Sandra (31, from Flanders) proposes a similar solution. She thinks it`s ridiculous that people in the Flemish region cannot vote for politicians from Wallony, while people from Wallony cannot vote for politicians from Flanders. `If a federal politician is doing a good job, then 50% of the population is not even able to vote for that person`, she explains with indignance.
It may sound strange but it`s true: Belgium offers students the possibility to do an Erasmus Belgica, a intranational study exchange program between Flanders and Wallony. The idea may sound a bit random but it does tackle a very important part of the problem: over the last few days, many people have told me that most people don`t really know the part of the country across the language border. Both cultures have completely different points of gravity, and the exchange is often limited to the area where all seems to go wrong: politics.
Tourism also seems to help.
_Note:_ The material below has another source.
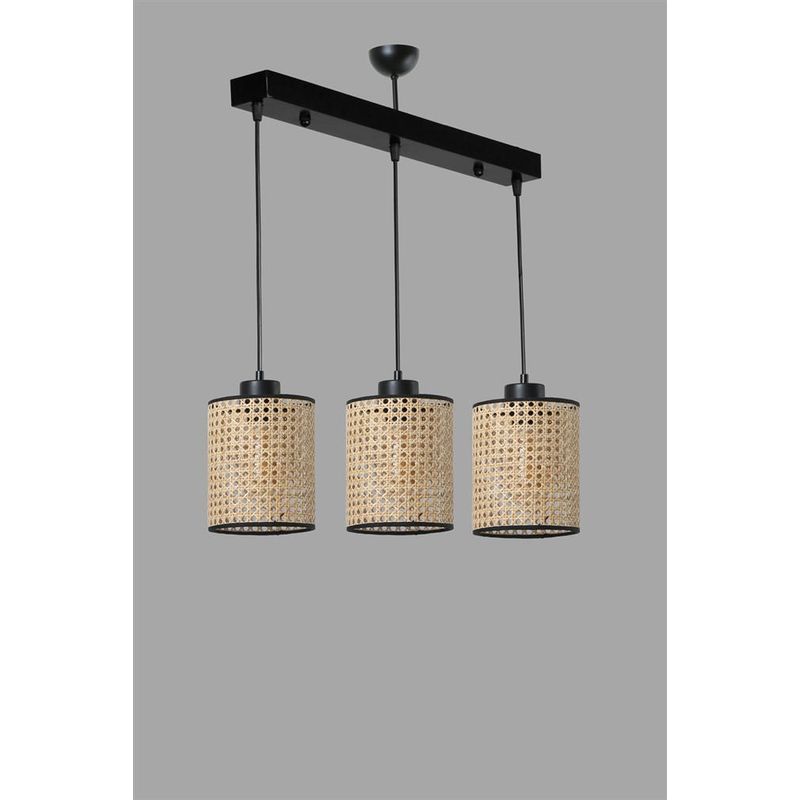 Casa si Gradina - Corpuri si surse de iluminat - Lustre si pendule - Lustra, Opviq, ratan, 55x15x70 cm - Infinity.ro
The Ardennen region in the East attracts many Flemish people, while the Flemish beaches are filled with people from Wallony. The Flemish in the Ardennen either speak French for the occasion or benefit from Wallon people having learnt Dutch to serve the many Dutch tourists that come to the region. Tourists from Wallony happily accept the Flemish hospitality branche`s efforts to serve people in French.
Whichever way the Belgian problem is looked at, the solutions need to be found in better and more encouraging language education on either side of the language border, intensified cultural exchanges and reasonable relations in both politics and press. Until then, people will boo the fact that ? recent example - Miss Belgium only speaks French. Until then, the Belgian king will continue to be accused of the same. Until then, newspapers on either side will report about the issue in different or sometimes opposite ways, leaving the horoscopes and weather forecast as the only common part of their reporting.
Brussels has established itself as the capital of Europe, with Belgium at the heart of the continent. Since its creation, Belgian has worn the motto: Union gives Strength, a quote that strongly resembles the EU slogan United in Diversity. Belgium`s chosen position as an example for the entire European Union should make its politicians assume their responsibility and credibility. And if not for Europe, then at least for its own people of which a majority sees absolutely no point in separation.